Skin Game
Mark 1:40-45
Sermon
by Robert J. Elder

Let's think about skin for a minute. Skin is something very precious to us. It is in many ways the toughest organ of the human body, the primary line of defense, seemingly capable of renewing itself almost endlessly following cuts, bruises, even surgery and skin grafting. It can adjust to sunlight, making subtle changes in response to prolonged exposure. Skin is fundamental to our thinking about what is or is not beautiful. Creamy skin is thought to be beautiful, while leathery skin is not so desirable. One could have a debilitating internal ailment and still pass unnoticed among friends and acquaintances enjoying their full fellowship and support, escaping the notice of strangers. But that is not the case with anyone who suffers with an obvious skin ailment.

Even healthy skins of different colors have been responsible for division and hatred between tribes, peoples, and racial groups, probably more than any other feature of the human anatomy.
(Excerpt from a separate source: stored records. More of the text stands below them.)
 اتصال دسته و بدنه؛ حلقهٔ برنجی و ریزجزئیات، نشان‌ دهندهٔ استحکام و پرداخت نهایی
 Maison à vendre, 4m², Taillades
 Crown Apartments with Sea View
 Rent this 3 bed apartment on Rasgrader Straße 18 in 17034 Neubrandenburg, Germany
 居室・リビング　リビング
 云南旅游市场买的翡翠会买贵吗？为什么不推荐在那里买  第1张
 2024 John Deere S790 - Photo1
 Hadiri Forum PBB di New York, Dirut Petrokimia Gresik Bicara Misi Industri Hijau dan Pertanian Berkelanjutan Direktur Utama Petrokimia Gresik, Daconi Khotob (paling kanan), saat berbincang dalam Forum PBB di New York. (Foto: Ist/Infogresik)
White skin, olive skin, red skin, black skin, yellow skin, combinations of those skin types, all these have been known to provide rationales for walls of enmity and hatred.

How ironic that human skin, a tiny fraction of an inch thick, covering every human body, precious to us, life-preserving and absolutely crucial to our well-being, has also been the cause for so much division and sorrow. I had a friend who used to say, "When you feel intimidated by someone, next time they are speaking with you pretend they are standing in front of you without their clothes on. It's amazing how that will change your perspective." That might sound a bit naughty, but in a powerful way, our life in the world should sometimes involve seeing other people without their skins on. Just think what such an approach could do for South Africans or Amerasian children in Vietnam, or strife in other racially troubled areas of the world. Imagine seeing one another without our skins on, without our accustomed facial points of reference. The only way we could identify the people we met would be by speaking with them, taking their words seriously, encountering them simply as people, and not as members of this or that skin-color group. I believe that this is part of what Jesus was up to when he healed the leper in Galilee. He had something to say in what he did as much as someone to heal.
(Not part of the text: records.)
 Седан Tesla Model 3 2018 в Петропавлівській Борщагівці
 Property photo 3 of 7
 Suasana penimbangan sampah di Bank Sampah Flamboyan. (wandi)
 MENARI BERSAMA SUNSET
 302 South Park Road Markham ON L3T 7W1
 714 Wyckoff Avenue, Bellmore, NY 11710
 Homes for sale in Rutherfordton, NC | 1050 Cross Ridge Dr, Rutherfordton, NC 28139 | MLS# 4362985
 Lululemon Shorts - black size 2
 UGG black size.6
The social taboos for lepers in Israel were powerful and frightening in their comprehensiveness. No leper, under any circumstances, was to approach a non-leper. Any time a person who was clean came near them, lepers were to stand off at a distance and shout, if they still had voices to shout with, "Unclean! Unclean!" Not the kind of regulation that was likely to do much for self esteem. As we might imagine, leprosy was dreaded not only for its disfiguring misery, but because it made people complete social outcasts. Lepers were excluded from the general population and from any contact with the people of God. Participation in the religious life of the community was forbidden, any approach to the temple in Jerusalem was entirely out of the question. Rabbis of the time are known to have expressed opinions on the status of lepers, calling them living corpses whose cure was as difficult as resurrection of the dead.
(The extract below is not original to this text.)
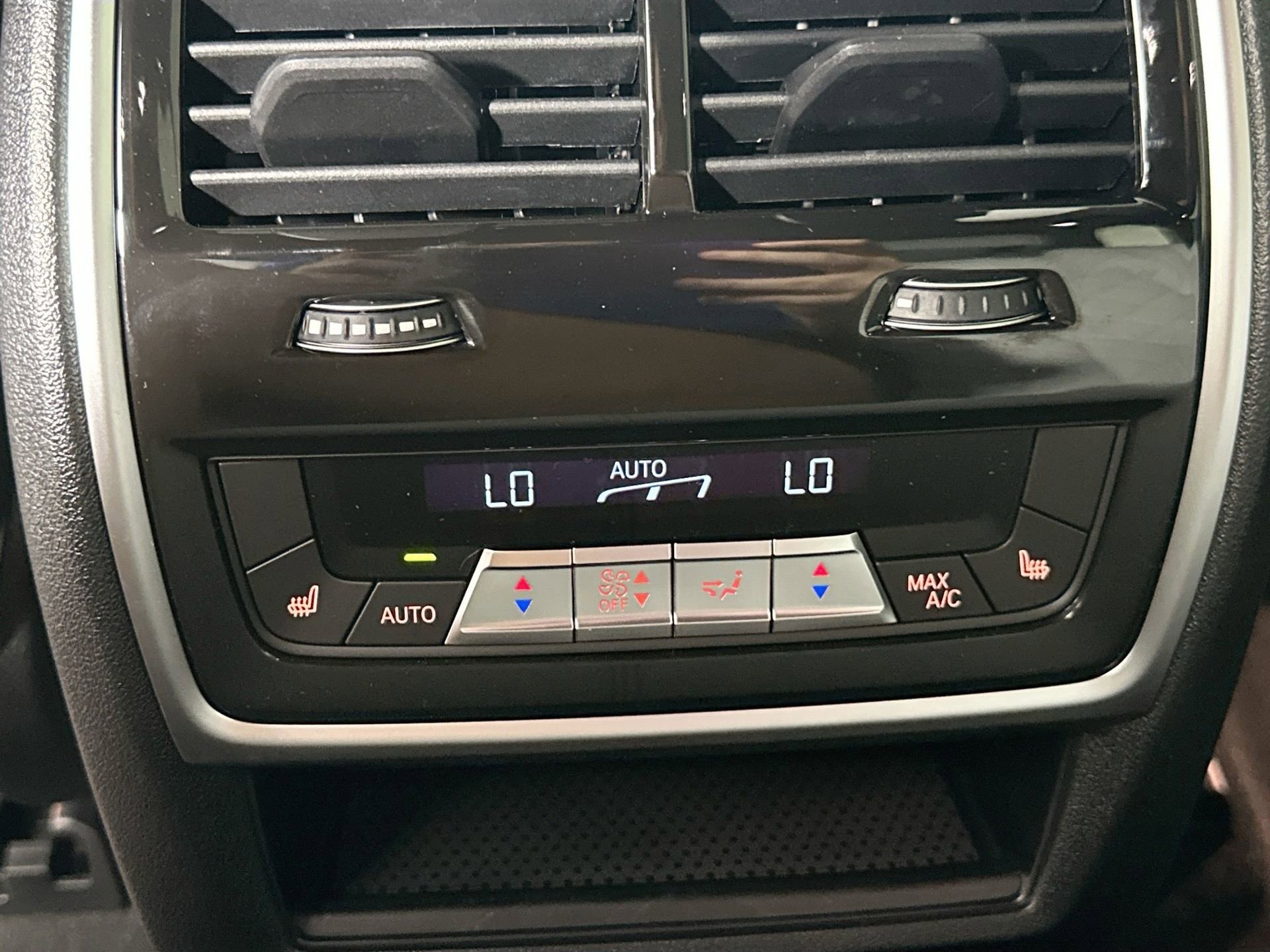 New 2026 BMW X5 M60i image 26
Something else we should know about this text from Mark's gospel: After the leper approached Jesus, the common reading says, "Moved with pity, Jesus stretched out his hand ..." (v. 41). Most English translations carry some variation of that theme of Jesus' ‘pity' for the leper. But an ancient and well-attested version of that important little verse says, "Moved with anger, Jesus stretched out his hand...." Every commentary on Mark that I have — and because of a special course in seminary I have six of them — concurs that anger could be considered the more accurate word in describing Jesus' emotion. If you are like I am, that may come as something of a shock. Isn't this gentle Jesus, meek and mild? How could a petition from a helplessly outcast and pitiful leper have inspired him to anger?

Inasmuch as we feel that way, we may be like those ancient scribes who, faithfully copying this text, may have thought that the scribe before them had made a mistake, so they wrote in a verb they thought more appropriate to the loving Jesus they had come to know.

Those who have had the courage to translate this word as anger have offered a variety of explanations as to why Jesus would have responded to the leper's petition for healing with anger. Some say that perhaps Jesus was angry at being interrupted in his preaching tour. In the passage just before, he had told the disciples that he wasn't going to go back to Peter's mother-in-law's house to continue healing the mobs that were there, because he was called to preach. Now another opportunity for healing presented itself, and if he accommodated the man, these critics reason, Jesus knew that he would once again be overrun with petitioners, and his preaching would suffer.

Another justification for Jesus' emotional state is that his anger was directed at the evil powers that are represented by disease. God's will at creation was wholeness for his people, and every case of disease is evidence of separation from God's will for his creation.

I think the reason for Jesus' anger is more foundational than either of these explanations. Both of these seem to focus Jesus' anger back at the victim or his complaint. I think Jesus' anger was felt on behalf of the suffering leper. He takes the part of the suffering, the victims of social brutality. That is the pattern of his ministry as I have come to know it. It wasn't the disease, nor the demons, nor the interruptions that bothered Jesus so much as it was the social deprivation of the sufferer. These lepers, the neediest of the needy, were deprived of basic human fellowship, forced to flee the presence of any healthy person, forced to live a pitiful life, unable to fulfill the deepest need of the human heart, the need for acts of loving kindness that are part of the normal human scene for healthy people. One ancient addition to the story, which appears in many old manuscripts, has the leper responding to Jesus' healing by saying, "Lord Jesus, you who walk with the lepers and eat with them in the inn...." This is most certainly not part of the story that Mark handed down, but it is entirely in character. Jesus' healing was not so much of a disfiguring disease as it was a healing of an intolerable social situation: a religious law that protected the health of the community at the cost of overruling human compassion. Most certainly the significant part of Jesus' healing was his touch, the touch of a healthy person which no leper was allowed to feel.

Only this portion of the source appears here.